Caption-style text data:
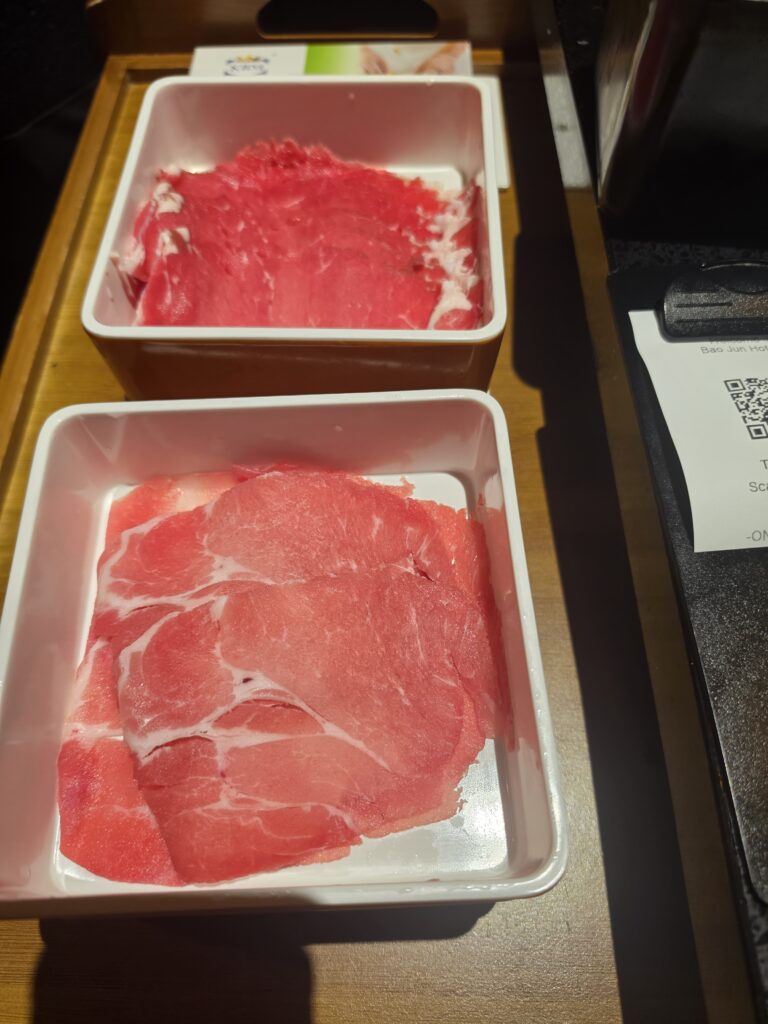 Bao Jun Hot Pot JB: 3 Incredibly Satisfying Reasons Why You Will Never Stop Coming Back 3 20260501 175911
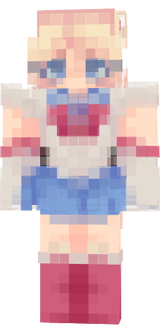 Niccolas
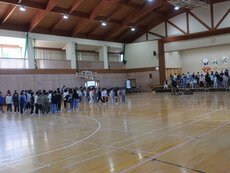 IMG_2870.jpg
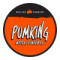 14. Pumking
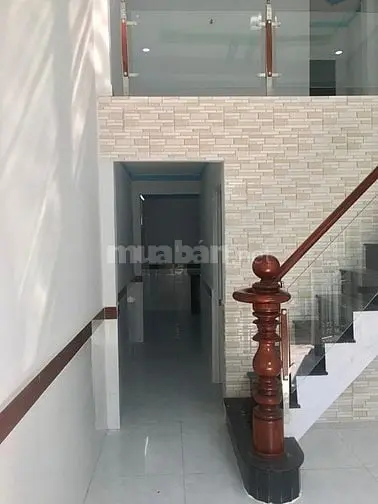 🏡Bán Nhà Cấp 4 Linh Chiểu Thủ Đức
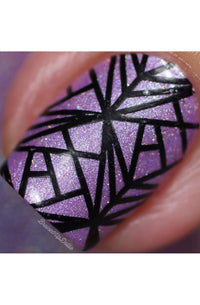 Collection 24 - Cordoza Nail Supply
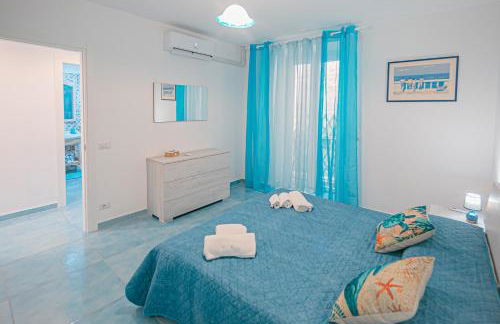 Scinniamare - Foto 21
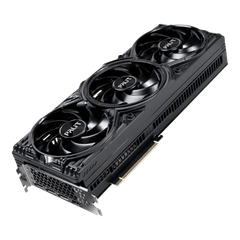 Card màn hình Palit GeForce RTX™ 5070 GamingPro 12GB GDDR7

PROBLEM STATEMENT — The images are to be left out; every line above should be set down exactly.

ANSWER SECTION —
 Bao Jun Hot Pot JB: 3 Incredibly Satisfying Reasons Why You Will Never Stop Coming Back 3 20260501 175911
 Niccolas
 IMG_2870.jpg
 14. Pumking
 🏡Bán Nhà Cấp 4 Linh Chiểu Thủ Đức
 Collection 24 - Cordoza Nail Supply
 Scinniamare - Foto 21
 Card màn hình Palit GeForce RTX™ 5070 GamingPro 12GB GDDR7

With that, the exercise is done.